Statue de Socrate par Leonidas Drosis.

Par Matthew McCusker — Traduit par Campagne Québec-Vie — Photo : C messier/Wikimedia Comomns

Ce qui suit est la partie XI d’une série défendant les prétentions de l’Église catholique. Lire la partie I ici ; la partie II ici ; la partie III ici ; la partie IV ici ; la partie V ici ; la partie VI ici ; et la partie VII ici ; la partie VIII ici ; la partie IX ici ; et la partie X ici.

29 mai 2024 — (LifeSiteNews) — Dans le dernier épisode de cette série, nous avons vu que l’origine fondamentale de la philosophie se trouve dans la nature humaine elle-même. « Tous les hommes », comme l’a dit Aristote, « désirent savoir ».

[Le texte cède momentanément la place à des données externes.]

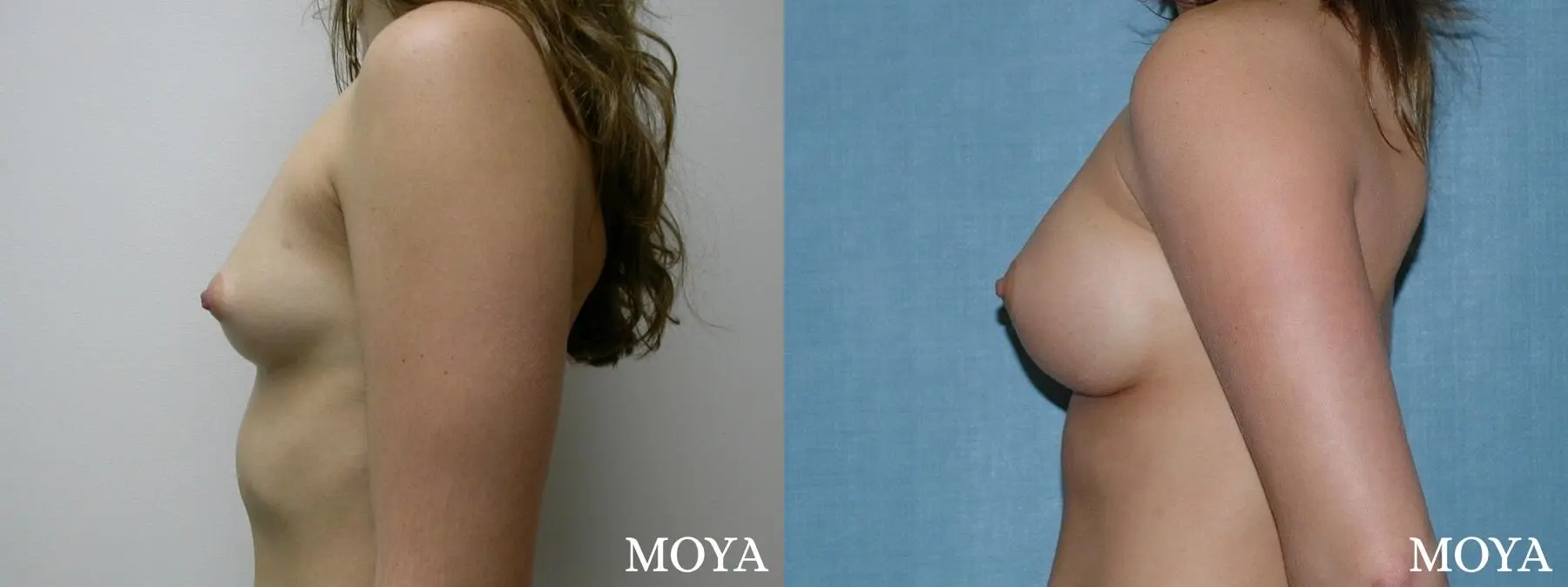 Breast Augmentation: Patient 1 - Before and After 2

Dans un article précédent, nous avons vu que la philosophie peut être définie comme « la science de toutes les choses naturellement connaissables par les pouvoirs non aidés de l’homme, dans la mesure où ces choses sont étudiées dans leurs causes et raisons les plus profondes ». 

La philosophie est un ensemble de connaissances qui s’est constitué au fil du temps, à mesure que l’homme utilisait ses facultés rationnelles pour parvenir à une compréhension toujours plus profonde du monde qui l’entoure. Le développement de la philosophie peut être retracé depuis ses premiers balbutiements jusqu’à aujourd’hui.

Cependant, avant de commencer à retracer ce développement, il est nécessaire de noter qu’il existe une deuxième racine de la philosophie. Certaines vérités philosophiques ont été révélées à l’homme par Dieu.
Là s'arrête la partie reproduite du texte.